Bir kabilenin tamamını, bir köy veya belde halkının tamamını toptan kötü görmek, onların tamamını belirgin ayıplarla ayıplamaktır.
Çok uzun zaman önce bir hata yapan ya da bir günah işleyen birini hata ve günahından pişman olup vazgeçmiş ve tevbe etmişse, sürekli bir şekilde o kişinin hata ve günahını dile getirmektir.
Ne yazık ki günümüz şartlarında insanlar İslam ile cehaleti beraber yaşamaktadır. Bir yanıyla İslami bir kişiliğe bürünürken, diğer yanıyla cahili bir kişiliğe bürünebilmektedir. Bir yandan namazını kılmakta, diğer yanda tesettürsüzlüğü tasvip edebilmektedir. Bir yandan hacca gidip hacı olmakta, diğer yanda faiz ile muamele yapabilmektedir. Bir yandan İslam’ı anlatmakta, diğer yanda insanları toptan bir nifak içerisinde gösterebilmektedir. Bir yandan gerçek manada inandığını belirtirken, diğer yanda Allah’tan ümit kesebilmektedir.

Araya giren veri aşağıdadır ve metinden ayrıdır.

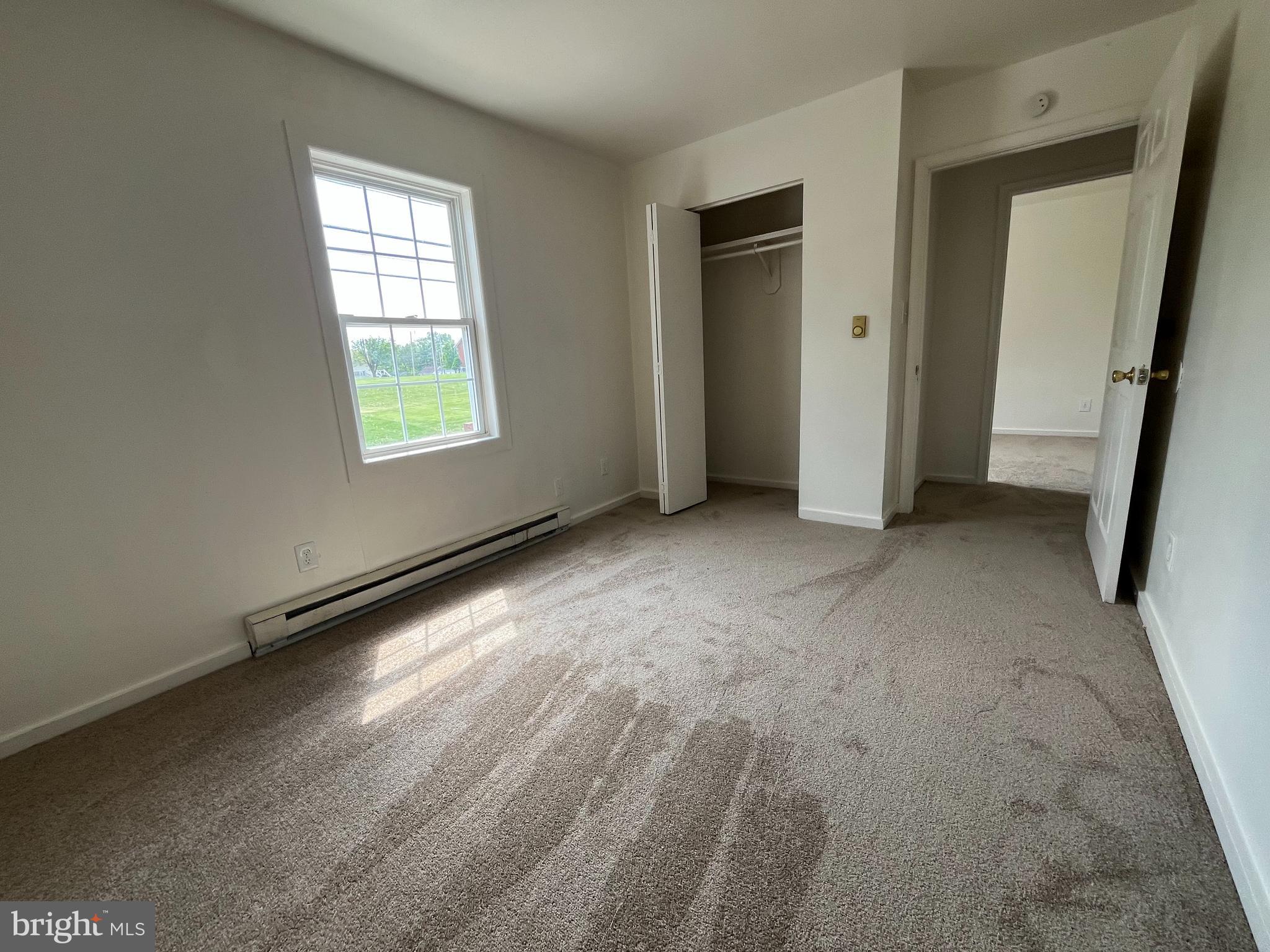 414 North High Street Martinsburg, WV 25404 - Photo 19 of 23 an empty room with windows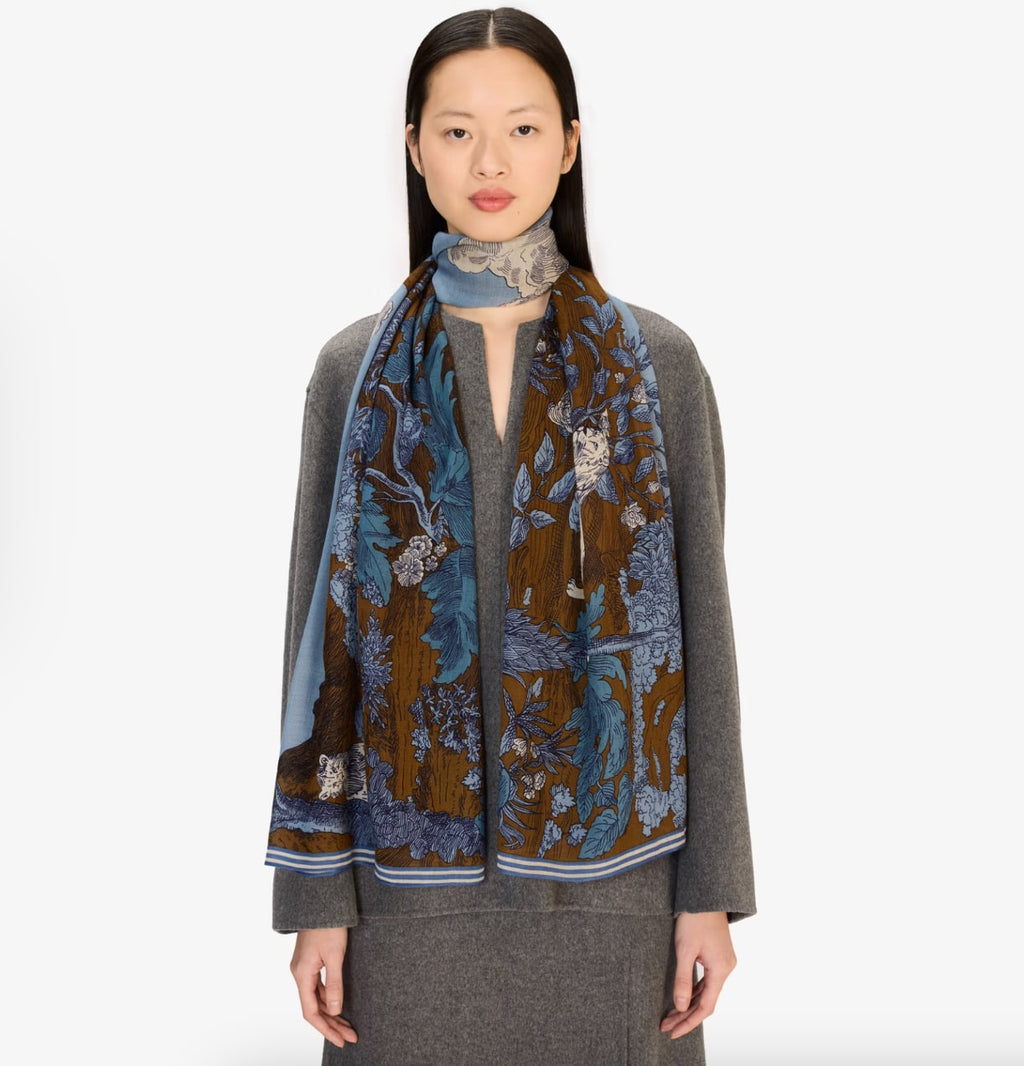 Scarf draped around model's neck, brown and blue floral jungle print with striped border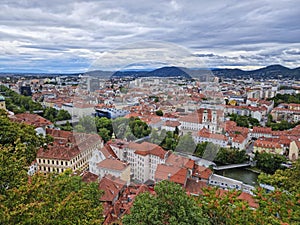 Beautiful view over the old city center of Graz, with Mariahilfer church and historic buildings, in Styria region, Austria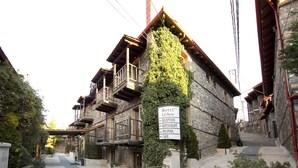Un edificio de piedra con un cartel que indica hotel, recepción, restaurante, piscina de spa y cafetería.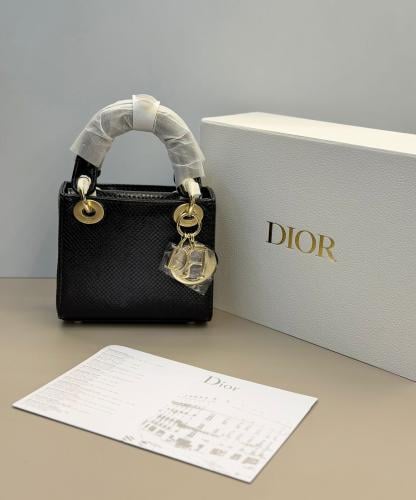 Mini Miu Miu bag with top handles in luxurious leather in silver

Cahili âdetlerin tamamını terk ederek İslami bir kişiliğe bürünen örnek sahâbe nesli gibi bir nesli oluşturabilmek için her Müslümanın tümüyle cahili adetlerden arınması gerekir. Hz. Peygamber (salallâhu aleyhi ve sellem) veda hutbesinde: “Dikkat ediniz, cahiliyeden kalma bütün âdetler kaldırılmıştır, ayağımın altındadır” buyurmuştur. Cahiliye devrinde güdülen kan davaları kaldırılmıştır. Kaldırdığım ilk kan davası Abdulmuttalib’in torunu İlyas İbn Rabia’nın kan davasıdır. (Ebû Davud, Edeb, 112)
Yaşadığımız bu yirmi birinci asırda örnek İslami toplumdan bahsedilecekse o da Filistin’de HAMAS ile oluşan, ömürlerini israil ile mücadeleye ayıran kardeşlerimizdir. Onlar bu asırda sahâbe neslini örnek alan örnek bir nesil olduklarını ispat ettiler. Dünya Müslümanlarının onlardan alacakları çok ders vardır. Mevla’m onları muvaffak ve muzaffer eylesin. İnşallah.